Figure 1. Association analyses within the chr12q24.13 region in relation to COVID-19 outcomes in patients of European ancestry.

a) Association analyses in 601 patients with non-hospitalized (mild) compared to 954 patients with hospitalized COVID-19. b) Variants included in SuSie 95% credible sets and their posterior inclusion probabilities (PIP); two 95% credible sets were identified with a threshold of an average correlation between all variables >0.9. c) Association analyses in 601 patients with non-hospitalized (mild) compared to 566 patients with hospitalized severe COVID-19. d) LD plot (r²) in the total set of 1555 patients with COVID-19 and location of OAS1, OAS3, and OAS2 reference transcripts.
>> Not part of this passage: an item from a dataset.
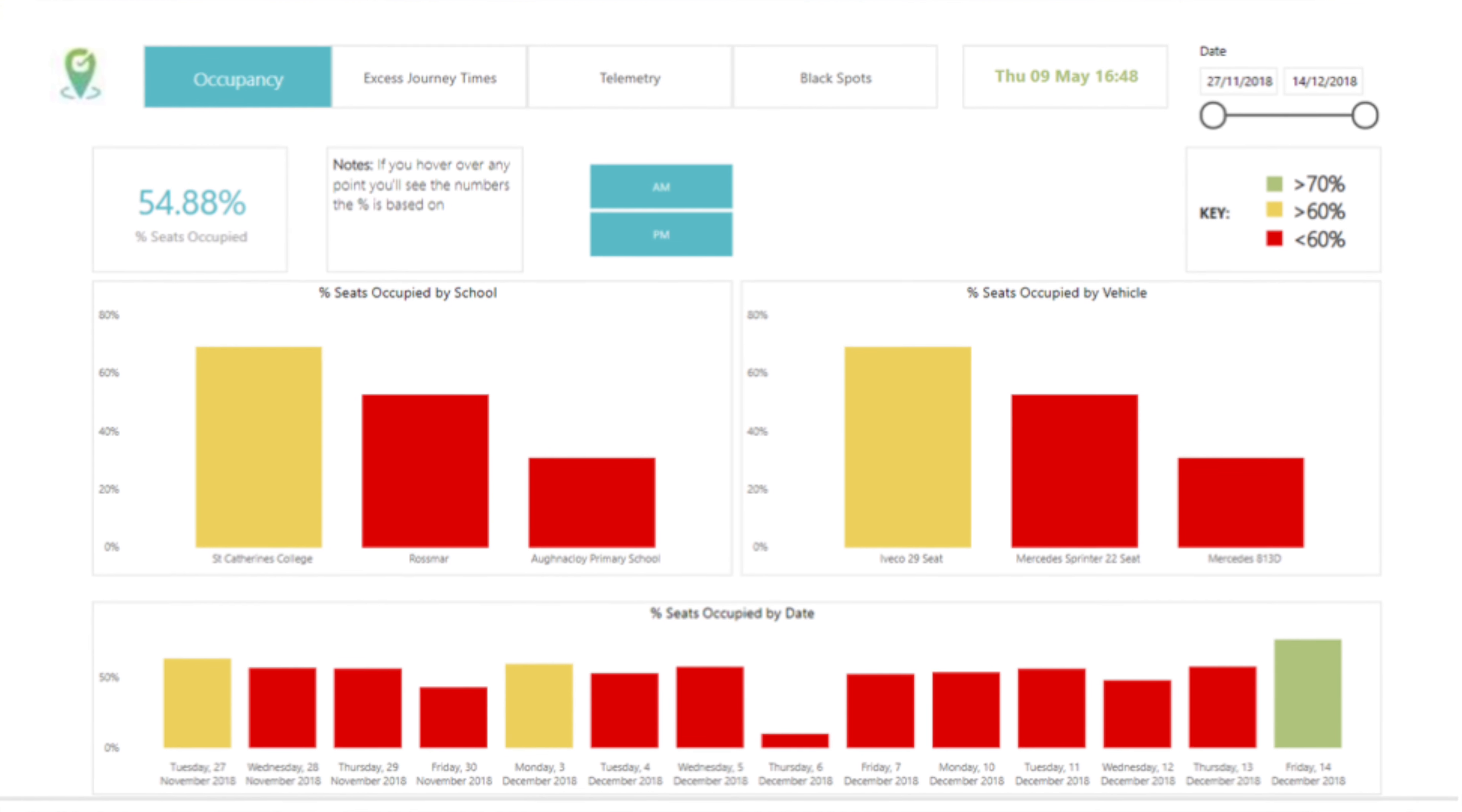We're working on various different types of technologies in different verticals. We've built our own intellectual property with a small development team here in Belfast.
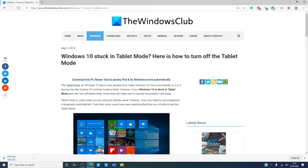Have you had a problem with your device stuck in tablet mode? Tell us in the comments how you fixed it. To get the most out of your Windows 10 experience, visit our website thewindowsclub.com.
Blue shading indicates the 32Kb LD block (hg38: chr12:112912991-112945172) that includes 135 variants in r²>0.8 with the lead rs10774671; 125 of these variants form only two common haplotypes – risk and non-risk. The Neandertal-introgressed genomic fragment of 97 Kb is marked based on previously reported variants⁷. e) Analysis of haplotypes including four core variants tagging the Neandertal haplotype and extended haplotypes additionally including three variants associated with severe COVID-19. Full association results for individual variants and haplotypes are provided in Table S1.